Over the past two decades, China has spent huge funds in rural areas to introduce irrigation water savings programs. The programs focus on reinstating irrigation and drainage systems and promoting various water-saving technologies to increase effective irrigated areas by raising the level of water-use efficiency.
But statistics show that over the past 30 years the effective irrigated area has increased by about 8 million hectares, while the total use or drawing of water has remained much the same and the annual over-exploitation of groundwater has reached up to 22 billion cubic meters. As a result, the eco-system in these areas has degraded further.
Saving water under the traditional concept is to reduce supply and application losses, for example by lining canals, using pipes and installing sprinkler or drip irrigation. This reduces water that is "lost" when measured at point of diversion to point of delivery and field "losses", which many water officials consider water available for expanding irrigated areas or transferring to domestic or industrial uses.
But this water is not totally lost nor are the savings "real"; most of the water that "escapes" returns to the water system through run-off or percolation and can be reused again.

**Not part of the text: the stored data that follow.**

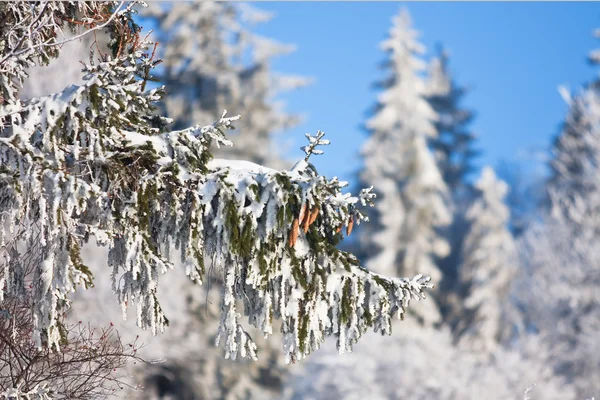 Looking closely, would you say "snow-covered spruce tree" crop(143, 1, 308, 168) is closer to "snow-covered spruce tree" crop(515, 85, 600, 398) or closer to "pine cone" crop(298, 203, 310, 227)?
"snow-covered spruce tree" crop(515, 85, 600, 398)

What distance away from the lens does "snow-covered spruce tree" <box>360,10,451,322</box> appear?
28.4 meters

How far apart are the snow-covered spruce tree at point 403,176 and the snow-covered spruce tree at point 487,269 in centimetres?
266

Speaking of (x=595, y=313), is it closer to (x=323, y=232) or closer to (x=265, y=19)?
(x=265, y=19)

But this "lost water" has a cost when measured and paid for as well when energy is used to divert, deliver and apply it.
As a special report on water in the Economist (May 20, 2010) said, "In truth, though, such water is not all lost: much of it returns to the aquifers below, from where it can be pumped up again. There is a cost to this, in energy and therefore cash, but not in water. The only water truly lost in a hydrologic system is through evapotranspiration (ET), since no one can make further use of it once it is in the atmosphere."

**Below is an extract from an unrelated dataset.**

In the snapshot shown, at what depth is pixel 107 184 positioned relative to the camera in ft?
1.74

If genuine savings are to be made, measures should be taken to cut non-beneficial ET or reduce ET (for example, by reducing irrigated areas or producing food with less transpiration). Growing more crops over a wider irrigated area or increasing of cropping intensity in the same area raises the level of ET.
In many water-scarce areas in the world that are similar to North China, policies aimed at reducing the use or drawing of water have actually increased groundwater depletion. This has happened in the Upper Rio Grande basin shared by the United States and Mexico, where measures designed to make irrigation more efficient have increased crop yields upstream, which in turn have raised the level of ET and left less water to replenish aquifers.
Such facts increase the attractiveness of demand management that is being tried in China. In irrigation projects that cover several parts of arid and semi-arid areas, including Water Conservation Project, GEF Hai Basin Integrated Water and Environment Management Project and the Xinjiang Turpan Water Conservation Project, the World Bank has been promoting water conservation with focus on reducing consumptive use of water or ET.
As part of the Water Conservation Project, farmers have formed water-users' associations to plan and operate irrigation services. But the objective is specifically to reduce consumptive use of water or ET and simultaneously increase the farmers' incomes (for example, by using integrated engineering, and agricultural and management measures such as crop pattern adjustments) without further depleting the groundwater table. The objective is also to increase the yield and value of production per unit of ET and stay within the fixed consumption quota.
According to project monitoring data, the farmers' per capita income increased by 193 percent and water productivity rose by 82 percent, while consumptive use of water or ET over the irrigated areas fell by 27 percent by the end of the Water Conservation Project (2000-2006), which was financed by the World Bank and implemented by the Ministry of Water Resources. The project shows that the main strategic goal of combating water scarcity is to find better ways to reduce the consumptive use of water or ET, and increase farmers' incomes in addition to many other good measures.
The author is a senior irrigation specialist at World Bank.